What the task requires:
Please copy, exactly as they appear below, the lines from the one containing "Casa para alugar com 34m², 1 quarto e 1 vaga Casa" through the one containing "Group of people jodgging".

BEGIN The input

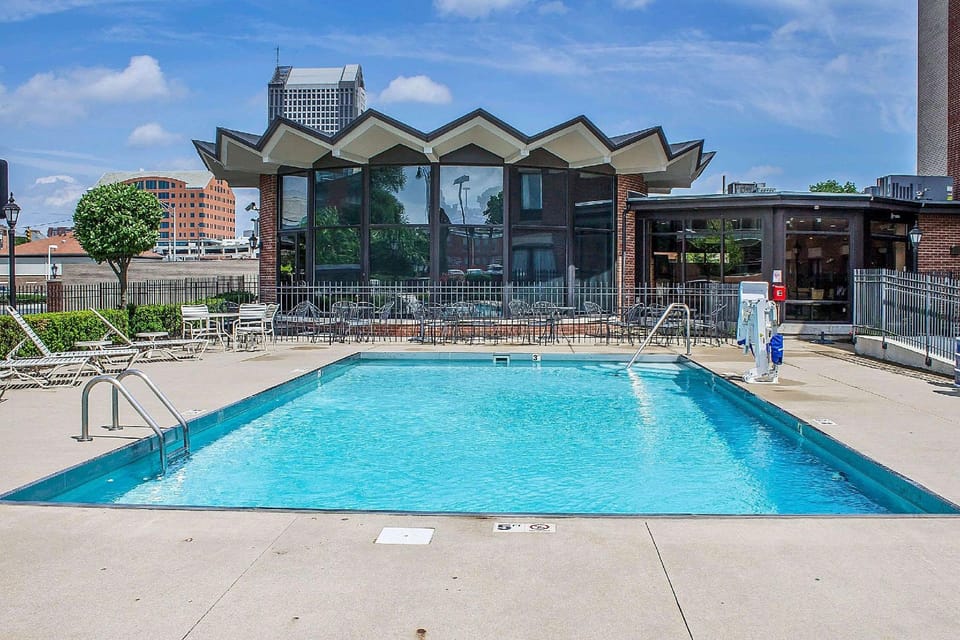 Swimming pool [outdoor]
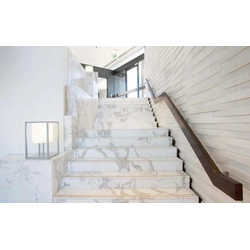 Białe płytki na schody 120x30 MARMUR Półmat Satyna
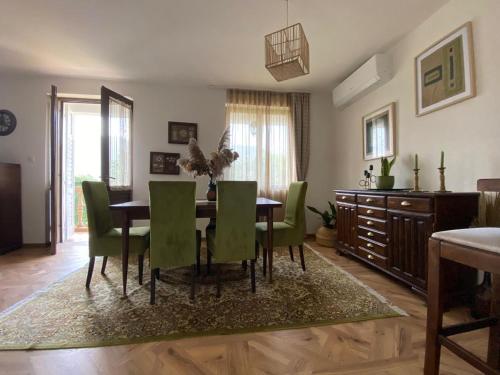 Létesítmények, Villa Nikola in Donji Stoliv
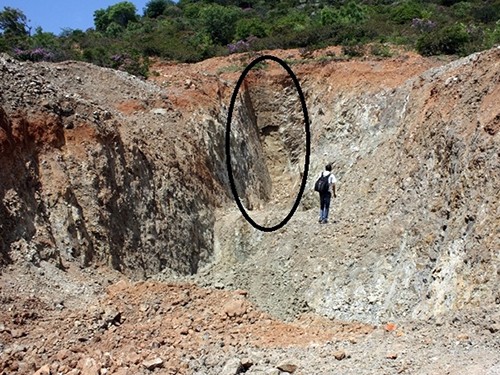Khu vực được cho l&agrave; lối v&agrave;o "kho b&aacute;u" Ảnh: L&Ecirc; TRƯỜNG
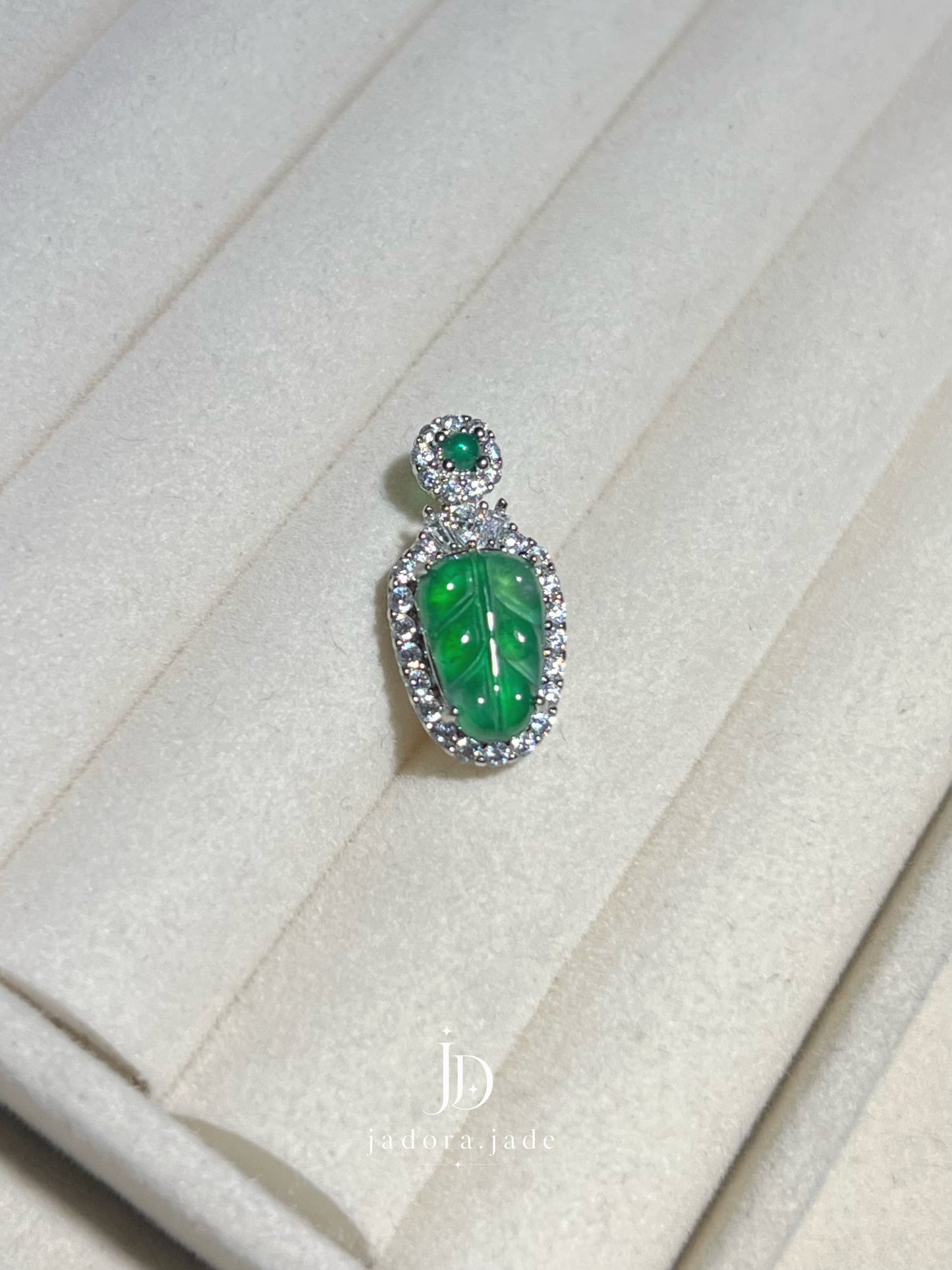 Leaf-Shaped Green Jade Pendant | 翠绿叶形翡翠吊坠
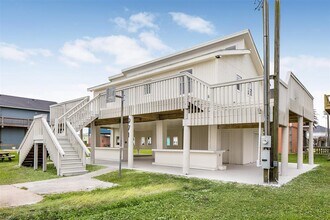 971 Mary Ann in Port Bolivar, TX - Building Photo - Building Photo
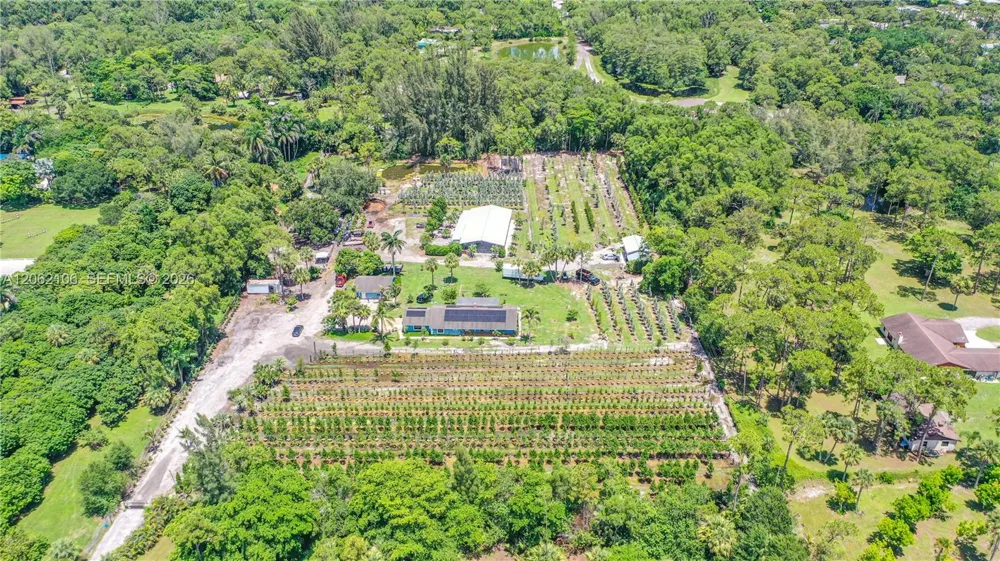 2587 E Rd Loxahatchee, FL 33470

END The input
BEGIN The input

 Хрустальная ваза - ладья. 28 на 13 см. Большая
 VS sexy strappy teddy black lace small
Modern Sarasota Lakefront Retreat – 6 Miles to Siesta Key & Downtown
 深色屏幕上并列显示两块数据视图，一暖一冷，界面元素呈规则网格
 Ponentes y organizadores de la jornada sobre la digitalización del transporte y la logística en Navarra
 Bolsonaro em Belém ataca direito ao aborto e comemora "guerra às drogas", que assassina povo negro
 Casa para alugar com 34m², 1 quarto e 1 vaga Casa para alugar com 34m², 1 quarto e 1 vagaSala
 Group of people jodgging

END The input

Exercise solution:
 Casa para alugar com 34m², 1 quarto e 1 vaga Casa para alugar com 34m², 1 quarto e 1 vagaSala
 Group of people jodgging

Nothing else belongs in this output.